As a new employee anywhere, it is always good practice to learn before assuming. The RIA employees have been there for 2, 10, 20 years. They know what they are doing. And it is not too much of a stretch to assume they are comfortable in their practices, however old-fashioned they are. I could have come up with an idea that is game-changing, probably actually impactful, and largescale, as any Duke student could. But, if that idea goes against the core values of the institution of employment, it is next to useless. Working within my surroundings, working in obscurity and through subtlety, has allowed me to transform my initial project into something much more widespread, impacting thousands more than it would have initially. People expect the new employee to be boisterous, bright-eyed, radical, but coming in with the mindset of obscurity allowed me to bypass the weeks of mistrust and annoyance and earn the respect of my colleagues, who were then in turn more willing and more receptive to my incremental ideas.

  1. Navigating Bureaucracy

Coming from youth such as ourselves, any idea is immediately critically scrutinized and much more easily dismissed, simply because we lack in experience. This is problematic, but ultimately factual. To work around this barrier to impact is what separates the internally purposed and the externally purposed. The brute force approach is easily dismissed, frowned upon, and at a certain level, to see it is amusing to more veteran employees. There are never truly resources and institutions in place enough to satisfy the brute force method. The subtle approach however can quickly work its way through the layers of oversight to fulfillment, simply because the smaller the ask, the less resources and institutional history required.

  1. Possibility of Impact

The subtle approach, incremental and obscure, makes enacting the ultimate end goal much easier, with each ask becoming slightly more and more, without ever tipping the balance between reasonable addition to unachievable vision.
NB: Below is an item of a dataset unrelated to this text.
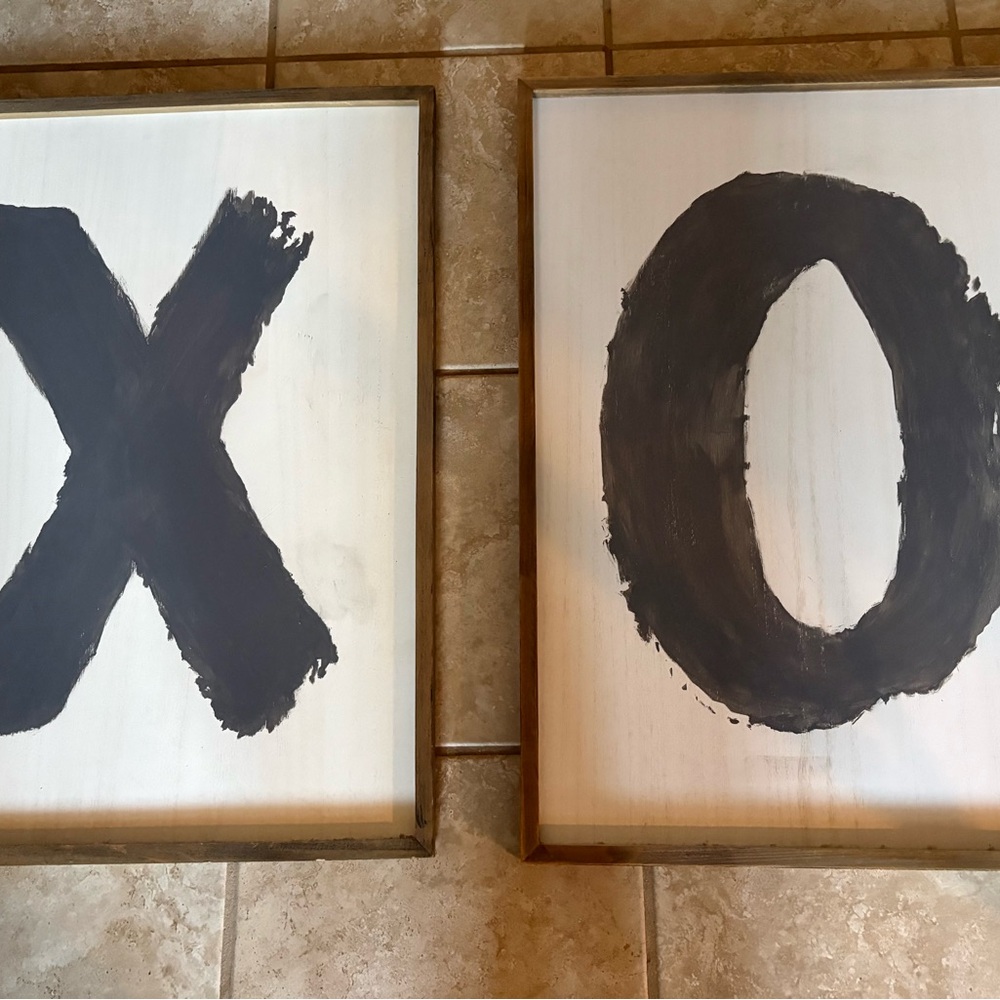 Original Hand Painted XO Wood Wall Art Set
The game-changing idea never goes away, it is simply the spontaneous approach versus the calculated and subtle approach that differentiates its ability to come to fruition. Adding small clauses to an already initial miniscule idea and working up to that game-changing idea is much more likely than proposing the game-changing idea in its entirety first in an impatient, attention-seeking manner.

  1. Speed of Plausible Impact

It may seem the brute force approach is the fastest way to impact. Honestly, it is. But there are a number of characteristics and factors that affect if the brute force approach method can actually work. The most important and the one that Duke students lack is authority. Working around this barrier to impact, the incremental approach is the fastest way to plausible impact, working subtly instead of magnanimously, to ensure that impact is actually achieved and implemented rather than considered and dismissed.

  1. Assessment of Impact

Even if, by some miracle, the brute force method worked, it is much more difficult to assess the impact of a radical change than an incremental one. Radical changes bring large numbers of variables to the table while incremental changes allow the workplace to monitor and control the variables to ensure that the change is actually impactful. If the change made is impossible to accurately assess, forever leaving the lingering chance that the change was actually detrimental to the target population, is it even worthwhile?

Sameer and I are friends now. Last week I found out he spoke Hindi, and we’ve been conversing in Hindi since then, our own secret relatively obscure language. Where does he fit into all of this? If I’ve learned obscurity is the most impactful approach from working in a government agency, Sameer has learned the same lesson traversing from Afghanistan to Turkey to Greece to France to Ireland. It is those who are quiet, unobtrusive, observing, that learn and survive. We may be obscure together, but we are obscure on completely different levels. My obscurity comes from a rational perspective on impact. His comes from a survivalist perspective on life. We are two completely different sides of the same coin. Anonymous. Alone.

Obscured.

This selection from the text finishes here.